"My Family Doesn't Talk"

Her hair was white, her hands thin and blue-veined. She sat quietly in the audience, listening as I told stories, my friend Heidi Muller played her dulcimer we both sang. I didn't notice the lady particularly; she was just one of about 75 people attending the Road Scholar workshops. Heidi was teaching dulcimer class and I joined her in the evening to provide entertainment for the group.

We wove our stories and songs together; a song of longing for home was followed by a discussion of home and place and why it has such a pull on people, particularly West Virginians. Then we moved on to Heidi's song about seeing things--traveling back to a place and finding it much changed but still seeing it as it was. I followed with some short memories my husband had shared with me about growing up in a coal camp, funny and poignant, and then told his story of the Headless Woman of Briar Creek.

We alternated back and forth throughout the program with one story leading to a song and then to another story, and this time Heidi offered her song of a girl growing up. That led into my story of my parents and how they met during World War II and how my mother, at age 18, left her home in England to come to America and her new husband. The program continued with stories and songs weaving together a tapestry of memories, history, humor and family.

At its end the white-haired woman approached me with tears on her cheeks.

"Thank you. Thank you so much for that. My family never told stories. My father was in World War I but he never spoke of it, never told us about his experience. My mother never told us stories, either, and yet I know that as a girl out on the western plains she must have had stories. My family just doesn't talk. Thank you, thank you so much."

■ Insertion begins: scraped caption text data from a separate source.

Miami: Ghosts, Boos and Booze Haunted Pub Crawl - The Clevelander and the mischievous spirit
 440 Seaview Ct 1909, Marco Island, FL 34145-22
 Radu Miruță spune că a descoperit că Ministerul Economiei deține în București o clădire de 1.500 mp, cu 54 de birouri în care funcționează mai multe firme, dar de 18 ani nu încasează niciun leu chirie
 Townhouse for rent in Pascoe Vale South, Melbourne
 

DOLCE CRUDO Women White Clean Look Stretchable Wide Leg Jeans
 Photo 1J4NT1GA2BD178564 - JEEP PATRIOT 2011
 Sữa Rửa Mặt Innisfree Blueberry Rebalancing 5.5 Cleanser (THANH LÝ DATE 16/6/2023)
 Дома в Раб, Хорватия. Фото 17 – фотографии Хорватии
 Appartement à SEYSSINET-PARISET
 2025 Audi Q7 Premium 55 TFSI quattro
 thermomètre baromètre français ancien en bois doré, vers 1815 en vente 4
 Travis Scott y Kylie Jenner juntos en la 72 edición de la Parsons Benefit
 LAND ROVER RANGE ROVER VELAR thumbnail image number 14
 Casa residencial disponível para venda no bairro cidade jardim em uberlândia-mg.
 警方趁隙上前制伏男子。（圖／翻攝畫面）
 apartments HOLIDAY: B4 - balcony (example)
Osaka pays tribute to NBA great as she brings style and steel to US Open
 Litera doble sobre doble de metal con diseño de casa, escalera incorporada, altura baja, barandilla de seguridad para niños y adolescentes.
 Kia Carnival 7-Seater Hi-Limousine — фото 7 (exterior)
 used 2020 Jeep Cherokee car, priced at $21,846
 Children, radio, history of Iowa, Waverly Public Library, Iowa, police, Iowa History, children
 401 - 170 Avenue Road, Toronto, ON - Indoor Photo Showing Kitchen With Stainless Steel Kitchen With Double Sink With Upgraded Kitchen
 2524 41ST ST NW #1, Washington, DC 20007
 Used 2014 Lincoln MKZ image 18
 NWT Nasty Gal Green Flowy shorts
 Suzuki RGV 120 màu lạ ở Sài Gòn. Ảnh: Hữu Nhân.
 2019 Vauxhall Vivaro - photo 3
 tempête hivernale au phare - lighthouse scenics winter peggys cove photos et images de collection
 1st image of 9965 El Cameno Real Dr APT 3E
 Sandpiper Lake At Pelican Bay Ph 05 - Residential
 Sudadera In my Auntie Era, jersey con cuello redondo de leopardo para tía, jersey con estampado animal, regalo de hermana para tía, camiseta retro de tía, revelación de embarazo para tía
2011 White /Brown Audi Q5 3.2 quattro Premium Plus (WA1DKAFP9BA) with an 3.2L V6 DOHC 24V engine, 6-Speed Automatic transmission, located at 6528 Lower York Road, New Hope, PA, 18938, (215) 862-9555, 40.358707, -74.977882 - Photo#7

My family doesn't talk. What poignant words. How many families are like hers, rushing through life without looking back and remembering? Stories, our stories, tell us about ourselves: where we came from and why, about our heritage and the ethics and values that drove our forebears. Stories ground us and give us a firm foundation on which to move forward. Not telling them means the stories will be lost to future generations. My heart ached for this lady. She realized what she had missed, and what was lost forever now that her parents are gone.

I suggested that when she goes home, she immediately call her children and say, "I want to tell you about my childhood, about how I grew up. Did you know your grandfather was in World War I? Did you know Grandma lived in a sod house? There are stories I want you to hear so you will know where you come from." She promised to make that call.

It is my hope that all of my audiences return home with a fresh understanding of the importance of telling their family stories and passing down the history, the memories and the strength of their ancestors. I often have people tell me after a performance that my stories reminded them of something that happened to them, or a story someone in their family told them, and I urge them to be sure to pass that story down. That is my goal; in this one program, I know that at least one person got the message, and that perhaps one family is now hearing the stories of their heritage.